En el otro, en cambio, la vida vuelve reflexivamente sobre sí misma, se palpa y se examina a la luz de un cierto criterio o de un cierto ideal que se propone perseguir. Cuando en un momento y lugar determinados domina la primera dimensión, la vida se desenvuelve de manera más o menos simple, como si se deslizara por un plano liso y levemente inclinado, casi sin tropiezos. La conducta entonces no es una incógnita puesto que posee la naturalidad de la respiración. Cuando, en cambio, domina la segunda dimensión —la que hoy caracteriza a nuestra vida pública— la prosecución de un ideal cualquiera sea, la conducta se vuelve problemática, entra en tensión con sus partes componentes, y se revisa a sí misma para averiguar si está o no a la altura de ese propósito, bueno o malo, que se ha propuesto perseguir.

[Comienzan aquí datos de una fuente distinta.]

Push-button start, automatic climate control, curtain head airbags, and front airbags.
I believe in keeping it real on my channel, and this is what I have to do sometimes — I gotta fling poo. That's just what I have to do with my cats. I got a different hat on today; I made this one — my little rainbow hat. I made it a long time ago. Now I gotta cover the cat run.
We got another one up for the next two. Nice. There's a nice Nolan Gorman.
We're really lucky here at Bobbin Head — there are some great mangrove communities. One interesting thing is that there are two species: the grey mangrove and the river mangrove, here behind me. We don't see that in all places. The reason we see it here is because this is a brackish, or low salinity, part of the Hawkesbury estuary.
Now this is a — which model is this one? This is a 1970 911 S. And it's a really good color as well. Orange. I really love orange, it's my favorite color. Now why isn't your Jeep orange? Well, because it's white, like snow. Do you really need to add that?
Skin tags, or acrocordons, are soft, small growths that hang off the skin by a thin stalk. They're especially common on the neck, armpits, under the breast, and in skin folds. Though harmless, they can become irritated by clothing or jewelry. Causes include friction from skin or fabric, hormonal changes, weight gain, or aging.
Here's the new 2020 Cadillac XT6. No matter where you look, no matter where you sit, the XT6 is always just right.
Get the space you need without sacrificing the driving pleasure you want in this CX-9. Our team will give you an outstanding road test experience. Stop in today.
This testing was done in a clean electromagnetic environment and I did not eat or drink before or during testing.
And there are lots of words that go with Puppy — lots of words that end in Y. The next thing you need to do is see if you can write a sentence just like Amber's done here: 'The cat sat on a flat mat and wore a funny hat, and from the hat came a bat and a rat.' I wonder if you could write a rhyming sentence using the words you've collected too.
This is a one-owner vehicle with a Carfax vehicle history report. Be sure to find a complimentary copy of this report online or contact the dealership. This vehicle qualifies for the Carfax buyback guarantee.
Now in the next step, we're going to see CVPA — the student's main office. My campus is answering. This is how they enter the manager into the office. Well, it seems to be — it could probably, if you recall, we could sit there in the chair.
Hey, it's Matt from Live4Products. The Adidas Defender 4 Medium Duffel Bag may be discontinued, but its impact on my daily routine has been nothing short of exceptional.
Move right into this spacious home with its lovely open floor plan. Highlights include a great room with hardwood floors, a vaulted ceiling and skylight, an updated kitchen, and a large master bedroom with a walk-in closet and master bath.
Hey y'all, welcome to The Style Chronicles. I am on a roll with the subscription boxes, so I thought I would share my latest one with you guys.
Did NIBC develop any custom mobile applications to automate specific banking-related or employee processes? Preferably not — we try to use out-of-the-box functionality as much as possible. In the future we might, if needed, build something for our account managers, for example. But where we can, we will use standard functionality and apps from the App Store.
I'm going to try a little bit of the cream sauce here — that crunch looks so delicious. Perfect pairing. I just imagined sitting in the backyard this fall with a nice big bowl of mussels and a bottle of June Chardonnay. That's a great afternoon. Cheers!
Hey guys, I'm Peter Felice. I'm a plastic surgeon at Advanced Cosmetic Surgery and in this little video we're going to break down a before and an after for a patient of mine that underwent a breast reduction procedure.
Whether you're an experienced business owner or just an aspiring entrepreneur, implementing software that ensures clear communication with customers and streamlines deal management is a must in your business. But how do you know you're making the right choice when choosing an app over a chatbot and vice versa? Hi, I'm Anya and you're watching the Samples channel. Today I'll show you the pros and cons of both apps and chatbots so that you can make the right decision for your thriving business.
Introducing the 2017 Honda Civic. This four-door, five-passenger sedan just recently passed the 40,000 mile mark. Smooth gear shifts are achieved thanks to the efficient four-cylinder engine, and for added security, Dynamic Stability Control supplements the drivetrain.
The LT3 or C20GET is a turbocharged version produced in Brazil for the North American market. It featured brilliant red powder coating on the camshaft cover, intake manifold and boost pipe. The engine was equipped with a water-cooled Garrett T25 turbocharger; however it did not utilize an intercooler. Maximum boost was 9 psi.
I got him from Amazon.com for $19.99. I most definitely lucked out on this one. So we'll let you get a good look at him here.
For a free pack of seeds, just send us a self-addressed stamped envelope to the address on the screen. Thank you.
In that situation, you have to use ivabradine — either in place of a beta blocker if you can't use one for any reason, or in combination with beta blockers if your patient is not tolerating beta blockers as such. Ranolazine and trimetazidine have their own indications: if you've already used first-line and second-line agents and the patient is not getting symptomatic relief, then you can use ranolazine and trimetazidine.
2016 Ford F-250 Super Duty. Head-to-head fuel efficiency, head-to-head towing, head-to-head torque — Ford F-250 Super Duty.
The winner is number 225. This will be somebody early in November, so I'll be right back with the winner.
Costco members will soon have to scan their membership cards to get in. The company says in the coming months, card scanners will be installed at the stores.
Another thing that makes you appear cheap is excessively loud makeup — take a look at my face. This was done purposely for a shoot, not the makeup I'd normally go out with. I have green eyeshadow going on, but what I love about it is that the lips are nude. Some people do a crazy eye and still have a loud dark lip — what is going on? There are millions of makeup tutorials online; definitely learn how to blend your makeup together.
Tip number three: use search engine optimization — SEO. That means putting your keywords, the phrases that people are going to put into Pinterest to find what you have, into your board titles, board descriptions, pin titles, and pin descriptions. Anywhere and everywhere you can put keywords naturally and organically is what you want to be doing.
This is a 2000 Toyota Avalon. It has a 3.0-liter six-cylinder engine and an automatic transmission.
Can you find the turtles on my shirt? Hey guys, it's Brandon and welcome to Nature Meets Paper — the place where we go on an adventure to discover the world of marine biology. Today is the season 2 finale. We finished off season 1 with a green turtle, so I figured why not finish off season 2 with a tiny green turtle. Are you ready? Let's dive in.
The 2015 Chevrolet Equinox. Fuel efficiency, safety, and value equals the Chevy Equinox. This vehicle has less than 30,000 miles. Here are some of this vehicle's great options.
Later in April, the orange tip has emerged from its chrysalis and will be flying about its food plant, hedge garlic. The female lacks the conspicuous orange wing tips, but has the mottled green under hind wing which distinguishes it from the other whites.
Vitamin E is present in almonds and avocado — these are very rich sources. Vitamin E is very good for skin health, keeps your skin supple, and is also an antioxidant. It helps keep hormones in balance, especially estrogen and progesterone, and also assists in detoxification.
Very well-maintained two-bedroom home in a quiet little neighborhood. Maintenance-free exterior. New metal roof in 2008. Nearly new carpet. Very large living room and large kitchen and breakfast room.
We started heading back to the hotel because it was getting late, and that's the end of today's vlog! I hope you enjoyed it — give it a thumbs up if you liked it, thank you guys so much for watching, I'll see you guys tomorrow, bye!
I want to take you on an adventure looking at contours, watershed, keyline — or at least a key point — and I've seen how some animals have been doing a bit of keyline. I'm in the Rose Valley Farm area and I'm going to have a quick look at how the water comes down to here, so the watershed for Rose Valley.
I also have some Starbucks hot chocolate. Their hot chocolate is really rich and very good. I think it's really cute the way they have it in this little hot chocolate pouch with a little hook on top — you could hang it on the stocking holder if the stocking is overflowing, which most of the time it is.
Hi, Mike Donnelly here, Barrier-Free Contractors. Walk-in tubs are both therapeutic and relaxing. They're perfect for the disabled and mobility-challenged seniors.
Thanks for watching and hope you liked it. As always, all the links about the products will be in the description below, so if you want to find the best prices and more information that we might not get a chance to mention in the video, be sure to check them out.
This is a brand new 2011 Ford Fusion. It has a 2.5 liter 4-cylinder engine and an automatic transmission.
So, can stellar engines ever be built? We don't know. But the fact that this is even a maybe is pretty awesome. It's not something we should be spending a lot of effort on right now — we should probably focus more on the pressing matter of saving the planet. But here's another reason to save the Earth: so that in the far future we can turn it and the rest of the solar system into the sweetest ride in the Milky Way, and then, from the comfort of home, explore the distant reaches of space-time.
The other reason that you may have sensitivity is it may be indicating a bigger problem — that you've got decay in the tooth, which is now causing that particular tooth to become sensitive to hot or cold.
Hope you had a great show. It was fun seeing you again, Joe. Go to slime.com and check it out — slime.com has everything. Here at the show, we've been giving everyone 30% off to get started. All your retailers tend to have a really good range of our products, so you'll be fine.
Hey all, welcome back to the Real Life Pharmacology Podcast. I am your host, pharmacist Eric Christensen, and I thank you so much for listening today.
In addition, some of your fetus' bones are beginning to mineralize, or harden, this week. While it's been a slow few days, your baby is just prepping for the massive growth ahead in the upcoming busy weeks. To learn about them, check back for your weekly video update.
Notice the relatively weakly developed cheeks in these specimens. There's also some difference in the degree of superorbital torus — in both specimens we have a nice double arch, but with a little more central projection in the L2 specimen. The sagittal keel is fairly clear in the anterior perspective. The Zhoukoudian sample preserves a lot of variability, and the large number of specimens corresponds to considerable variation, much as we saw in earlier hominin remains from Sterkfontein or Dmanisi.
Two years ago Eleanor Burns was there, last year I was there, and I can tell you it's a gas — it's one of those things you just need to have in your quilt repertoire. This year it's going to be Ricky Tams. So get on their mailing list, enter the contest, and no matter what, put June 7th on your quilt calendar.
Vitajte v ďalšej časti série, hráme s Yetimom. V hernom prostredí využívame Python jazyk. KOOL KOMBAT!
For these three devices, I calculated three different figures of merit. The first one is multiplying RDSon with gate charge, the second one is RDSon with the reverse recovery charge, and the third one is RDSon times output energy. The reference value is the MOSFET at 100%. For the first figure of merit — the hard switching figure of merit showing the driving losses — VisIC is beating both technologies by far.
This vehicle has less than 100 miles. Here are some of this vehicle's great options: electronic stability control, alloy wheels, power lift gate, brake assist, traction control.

Entonces parece más importante tener una ideología acerca de cómo comportarse, que saber hacerlo.

Quizá en esa aguda observación de Michael Oakeshott —dar más importancia a la ideología acerca de la conducta que saber comportarse— radica la explicación para uno los principales rasgos de nuestra época: la tendencia a moralizarlo todo y al mismo tiempo la imposibilidad de comportarse a la altura; el impulso a clasificar el punto de vista ajeno antes que el esfuerzo por comprenderlo; la tendencia a erizarse frente a quien piensa distinto en vez de disponerse a refutarlo.

Y ese es el peligro que afrontan las sociedades que, como la chilena hoy, se ha propuesto modificarse a sí misma.